Et M. Du Florens se tourna vers l’adjudant-garde. Il avait pris une décision.
« Je voudrais que cet homme soit dévolu au chantier durant le temps des travaux. Je voudrais qu’il soit à mes côtés dans mon bureau.
- Mais je n’ai aucune connaissance en architecture, monsieur. »
Javert allait répondre mais il fut coupé par l’architecte qui s’adressa à Valjean.
« Je n’ai pas besoin d’un deuxième architecte mais d’un chef de chantier qui connaisse les dangers et les besoins d’un chantier de construction. Vous me semblez avoir toutes les compétences requises pour cela. »
Un fin sourire. Ce jeune homme était-il stupide ?
« Je suis un forçat, murmura Valjean.
- Et un forçat condamné à la chaîne, ajouta Javert froidement.
- Qu’à cela ne tienne ! Si vous ne voulez pas appuyer ma demande auprès du capitaine, je me passerai de votre accord, adjudant, je parlerai moi-même au capitaine. »
Quel coup bas ! Non, ce jeune homme n’était pas stupide mais il était inconscient. Javert serra les lèvres et eut un sourire mauvais.
« Soit ! Vous voulez Jean Valjean, je vais demander qu’on vous le donne. Si M. Vandecaveye donne son accord, je l’attacherai à votre service. Il ne sera que de votre chantier. L’homme sait lire et écrire, il a quelques connaissances en culture générale qui ne sont pas à négliger. Mais c’est plutôt un agronome qu’un ouvrier du bâtiment. »

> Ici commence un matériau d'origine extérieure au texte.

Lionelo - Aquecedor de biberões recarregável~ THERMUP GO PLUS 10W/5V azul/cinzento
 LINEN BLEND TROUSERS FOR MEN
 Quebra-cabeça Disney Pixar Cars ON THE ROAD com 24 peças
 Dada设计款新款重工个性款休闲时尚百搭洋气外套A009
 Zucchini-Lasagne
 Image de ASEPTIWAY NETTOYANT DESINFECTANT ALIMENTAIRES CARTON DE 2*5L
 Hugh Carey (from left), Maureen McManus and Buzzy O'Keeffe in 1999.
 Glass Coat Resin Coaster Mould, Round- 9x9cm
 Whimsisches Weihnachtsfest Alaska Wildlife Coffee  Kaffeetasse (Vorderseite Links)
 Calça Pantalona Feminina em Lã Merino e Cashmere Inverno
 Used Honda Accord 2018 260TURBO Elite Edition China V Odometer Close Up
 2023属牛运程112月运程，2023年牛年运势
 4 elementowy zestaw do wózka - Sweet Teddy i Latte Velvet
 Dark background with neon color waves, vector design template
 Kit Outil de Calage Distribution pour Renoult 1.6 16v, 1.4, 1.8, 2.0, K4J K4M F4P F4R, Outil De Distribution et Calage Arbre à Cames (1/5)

Comment Javert savait-il tout cela ?
Valjean n’avait donc pas été assez discret.
« Il sait lire et écrire ?! Merveilleux ! Vous pourrez tenir un journal de chantier ! Je n’arrive pas à m’entendre avec les gardes. Aucun ne sait me dire combien de pierres ont été transportées, combien de tonnes de gravats ont été déplacées… Nous avons à peine commencé les murs et je ne suis toujours pas sûr des fondations. Les atlantes sont un plus mais il y a aussi les festons et les rinceaux qui vont arriver. Et les balcons doivent être terminés le plus rapidement possible. »
L’architecte était enthousiaste. Puis conscient trop tard de ses paroles bien peu sympathiques envers la garde, il ajouta précipitamment :
« Bien entendu, l’adjudant Javert sait tenir un journal mais il a son propre poste à pourvoir. Je ne peux pas le monopoliser. »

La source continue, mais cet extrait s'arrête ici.